Appendix - Self-orthogonalizing attractor neural networks emerging from the free energy principle

Appendix

Library imports for inline code.

import numpy as np
import seaborn as sns
from matplotlib import pyplot as plt
import scipy.integrate as integrate

sns.set(style="white")

Appendix 1¶

Continuous Bernoulli distribution

$x \sim \mathcal{CB}(L) \iff P(x) \propto e^{Lx}, \quad x \in [-1, 1]\subset \mathbb{R}$

Below we provide a Python implementation of the continuous Bernoulli distributions: $\mathcal{CB}(L)$ , parametrized by the log odds L and adjusted to the [-1,1] interval.

def CB(x, b, logodds=True):
    if not logodds:
        b=np.log(b/(1-b))
    if np.isclose(b, 0):
        return np.ones_like(x)/2
    else:
        return b * np.exp(b*x) / (2*np.sinh(b)) 
    
# Plot some examples
delta = 100
sigma = np.linspace(-1, 1, delta)
for b in np.linspace(-2, 2, 5):
    p_sigma = CB(sigma, b)
    sns.lineplot(x=sigma, y=p_sigma, label=b)

Appendix 2¶

Continuous Bernoulli distribution full derivation

Derivation of the exponential form of the continuous Bernoulli distribution, parametrized by the log odds L and adjusted to the [-1,1] interval.

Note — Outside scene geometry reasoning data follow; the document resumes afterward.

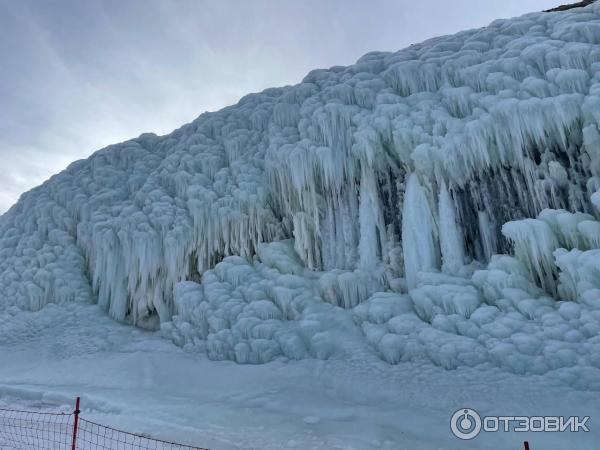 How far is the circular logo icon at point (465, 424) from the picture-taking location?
13.9 ft

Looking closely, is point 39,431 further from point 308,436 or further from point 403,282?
point 403,282

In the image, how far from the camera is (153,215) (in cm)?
903

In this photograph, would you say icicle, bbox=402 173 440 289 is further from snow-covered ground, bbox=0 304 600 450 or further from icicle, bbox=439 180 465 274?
snow-covered ground, bbox=0 304 600 450

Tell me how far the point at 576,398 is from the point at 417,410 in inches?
69.9

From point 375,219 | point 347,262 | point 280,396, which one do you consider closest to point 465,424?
point 280,396

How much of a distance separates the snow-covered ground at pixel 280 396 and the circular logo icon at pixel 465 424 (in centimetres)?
9

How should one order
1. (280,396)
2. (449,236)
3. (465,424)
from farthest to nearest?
(449,236) → (280,396) → (465,424)

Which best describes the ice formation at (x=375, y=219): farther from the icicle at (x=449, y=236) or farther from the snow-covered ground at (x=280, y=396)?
the snow-covered ground at (x=280, y=396)

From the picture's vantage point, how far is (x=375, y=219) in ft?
24.4

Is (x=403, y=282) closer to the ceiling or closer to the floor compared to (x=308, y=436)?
closer to the ceiling

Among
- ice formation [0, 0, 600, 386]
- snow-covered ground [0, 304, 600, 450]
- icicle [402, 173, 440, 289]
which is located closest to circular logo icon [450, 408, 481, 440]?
snow-covered ground [0, 304, 600, 450]

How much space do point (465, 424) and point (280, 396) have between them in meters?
2.43

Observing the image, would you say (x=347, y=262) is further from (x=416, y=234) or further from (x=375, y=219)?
(x=416, y=234)

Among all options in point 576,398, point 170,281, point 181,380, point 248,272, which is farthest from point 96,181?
point 576,398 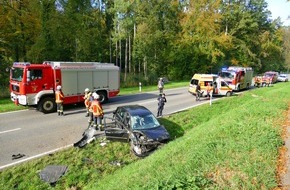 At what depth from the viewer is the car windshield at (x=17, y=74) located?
1487 centimetres

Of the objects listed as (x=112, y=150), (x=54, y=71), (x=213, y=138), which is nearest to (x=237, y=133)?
(x=213, y=138)

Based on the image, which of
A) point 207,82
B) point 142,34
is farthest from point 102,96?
point 142,34

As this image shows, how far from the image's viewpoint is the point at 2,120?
1349 centimetres

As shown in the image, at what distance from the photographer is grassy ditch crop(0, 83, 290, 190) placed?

$P(x; L) = \frac{e^{Lx}}{\int_{-1}^1 e^{Lx}} = \frac{e^{Lx}}{ \frac{e^L - e^{-L}}{L}} = L \frac{e^{Lx}}{2sinh(L)}$

Appendix 3¶

Visualization of the likelihood function with various parameters, in python.

delta = 100
s_i = np.linspace(-1, 1, delta)

fig, axes = plt.subplots(1, 3, figsize=(12, 3), sharey=True)
for idx, mu in enumerate([0.1, 0.5, 1]):
    for w_i in np.linspace(-2, 2, 5):
            p_mu = CB(s_i, w_i*mu)
            sns.lineplot(x=s_i, y=p_mu, ax=axes[idx], label=w_i).set(title=f"$\\mu={mu}$")

Appendix 4¶

Expected value of the $\mathcal{CB}$

\begin{align*} \mathbb{E}_{\mathcal{CB}(b)}[\sigma] &= \int \sigma \frac{ e^{b \sigma} }{ 2sinh(b) } d \sigma &= \frac{ b \left( \frac{(b-1)e^b}{b^2} + \frac{(b+1)e^-b}{b^2} \right) }{ 2sinh(b) } \\ &= \coth(b) - \frac{1}{b} \end{align*}

(1)

bs = np.linspace(-10, 10, 100)
plt.figure(figsize=(4, 1))
sns.lineplot(x=bs, y=1/np.tanh(bs) - 1/bs) # coth(b) - 1/b == 1/2 sech^2(b)
plt.show()

Appendix 5¶

Conservative dynamics

Let $x ∈ ℝ^n$ denote the system’s states (internal, blanket, and external states). The drift can be decomposed into a gradient part (from a potential U) and a solenoidal part R:

$ẋ = −∇U(x) + R(x)$

where $R = −Rᵀ$ is antisymmetric in state‐space.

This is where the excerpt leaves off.